Will the halving of the power supply noise trick from the circuit work here? Yes, if we carefully choose the value of capacitor C1, then the amount of noise at the top of C1 will match that at the top of 33µF capacitor and the balancing of the power supply noise will be assured. These two capacitors cannot share the same value, as they do not see the same shunt impedance. The first stage represents a much lower impedance than the split-load phase splitter. If the value of resistor Rk is correctly chosen, then the total effective impedance of this first stage must equal twice the value of resistor Ra. Whereas, the split-load phase splitter's effective impedance equals rp + (mu + 2)Ra, a truly huge number. In short, capacitor C1's value will have to be somewhat greater than 33µF.

Split-Load and Class-AB
    What if we are not willing to pay the price of high current draw and heat generation that Class-A demands? The alternative is what 99.9% of power amplifiers run in: Class-AB operation. (In fact, many (most?) advertised Class-A amplifiers actually run in Class-AB. If the amplifier's output stage does not at least draw half of the peak output current swing, it is not Class-A.) Class-AB provides a compromise between Class-A and Class-B. It is not as distorting as Class-B and not as inefficient as Class-A operation.

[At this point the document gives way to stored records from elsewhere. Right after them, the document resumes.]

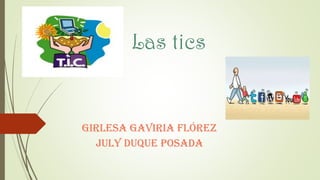 Las tics
Girlesa Gaviria Flórez
July Duque Posada
 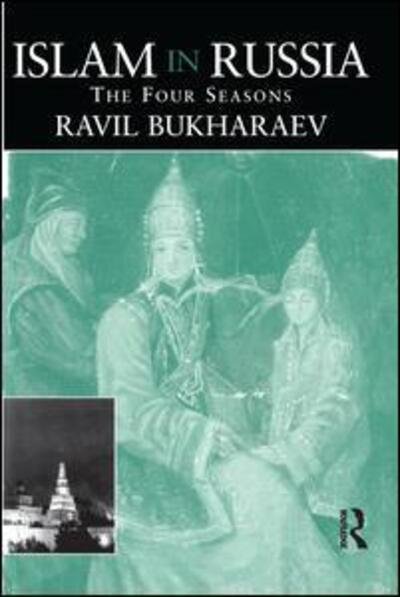 Cover for Ravil Bukharaev · Islam in Russia: The Four Seasons (Paperback Book) (2014)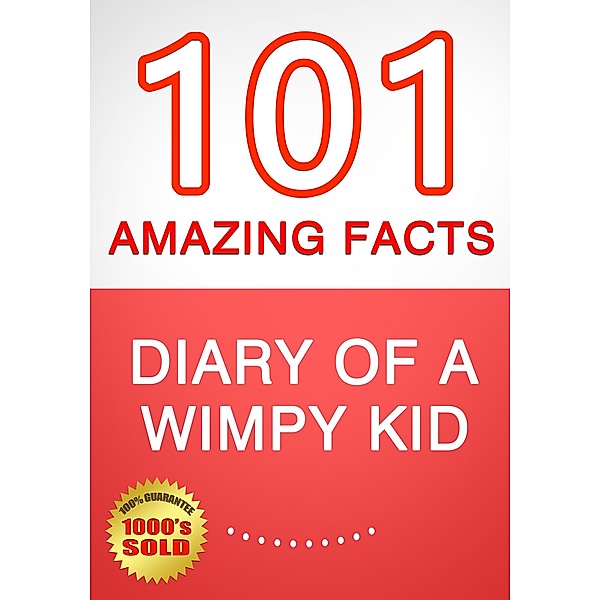 Diary of a Wimpy Kid - 101 Amazing Facts You Didn't Know, G. Whiz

     Eliminating power supply noise is still possible within a Class-AB amplifier; it just requires a little more thought. The circuit below is a case in point. A bipolar power supply is used and the output is DC coupled. The bottom output device must see the same power supply noise at its input as it does at its connection to the -B connection.

    When the connection is made at the cathode side, the previous circuit works perfectly, as both the first stage and the phase splitter share a common B+ connection. In other words,  in this circuit it does not matter that the output devices are providing gain.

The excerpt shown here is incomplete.